§ Stored data:
>>>>

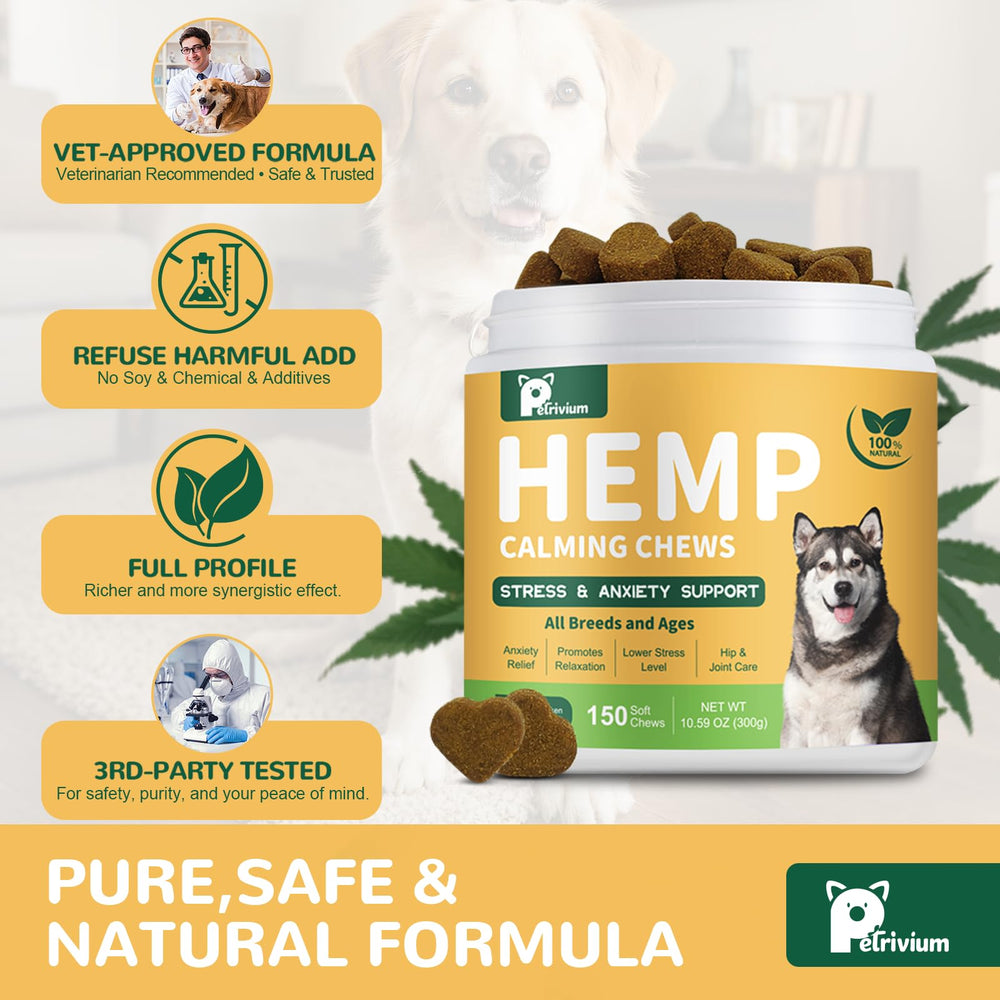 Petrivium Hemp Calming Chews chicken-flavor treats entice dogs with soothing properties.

<<<<
>>>>

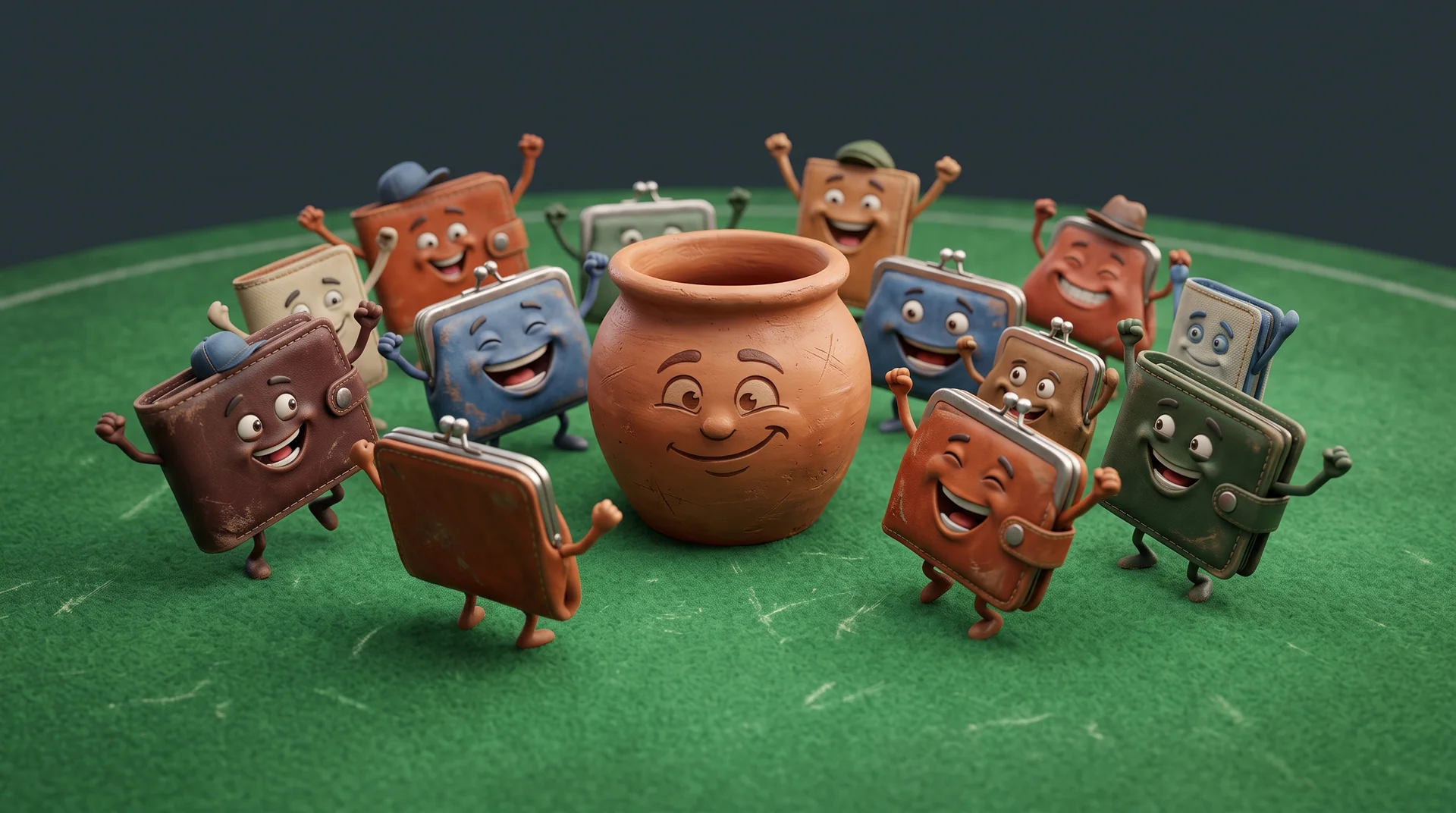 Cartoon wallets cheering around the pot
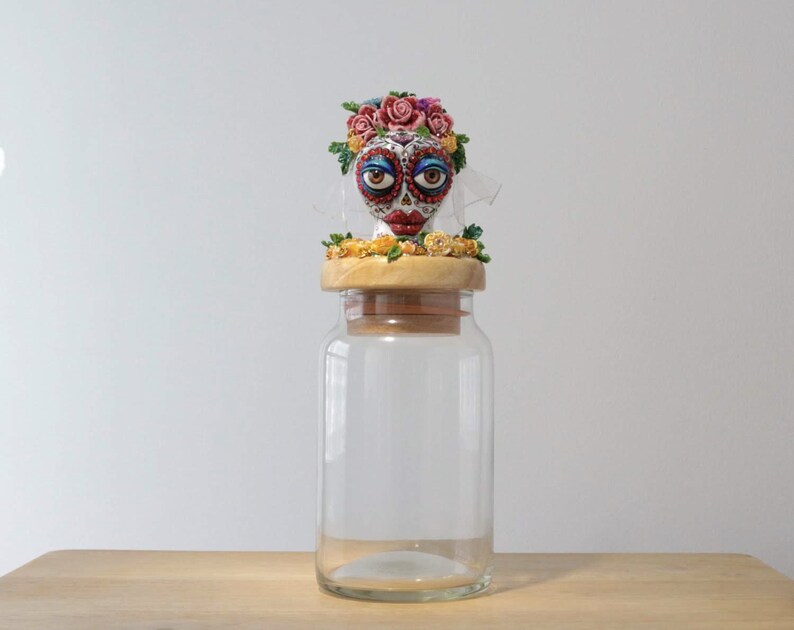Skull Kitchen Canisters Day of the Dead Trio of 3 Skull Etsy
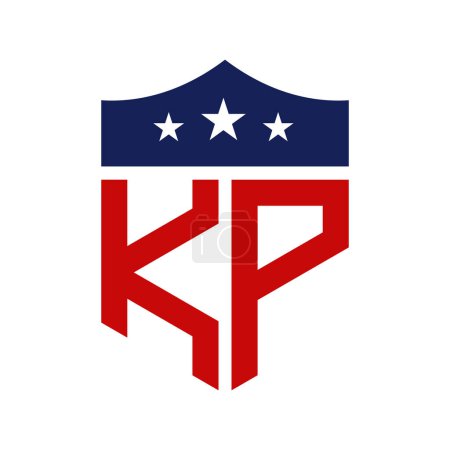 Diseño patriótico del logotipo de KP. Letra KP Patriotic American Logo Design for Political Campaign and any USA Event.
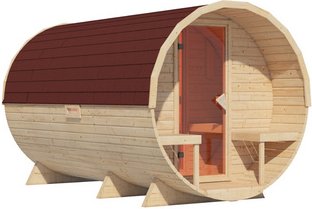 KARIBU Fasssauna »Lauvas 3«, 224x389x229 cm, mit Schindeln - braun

<<<<

§ Aim of the task: Return exactly the lines of the material above, starting at the line containing "Skull Kitchen Canisters" and finishing at the line containing "Schindeln - braun", without any pictures.

§ Finished exercise:
Skull Kitchen Canisters Day of the Dead Trio of 3 Skull Etsy
 Diseño patriótico del logotipo de KP. Letra KP Patriotic American Logo Design for Political Campaign and any USA Event.
 KARIBU Fasssauna »Lauvas 3«, 224x389x229 cm, mit Schindeln - braun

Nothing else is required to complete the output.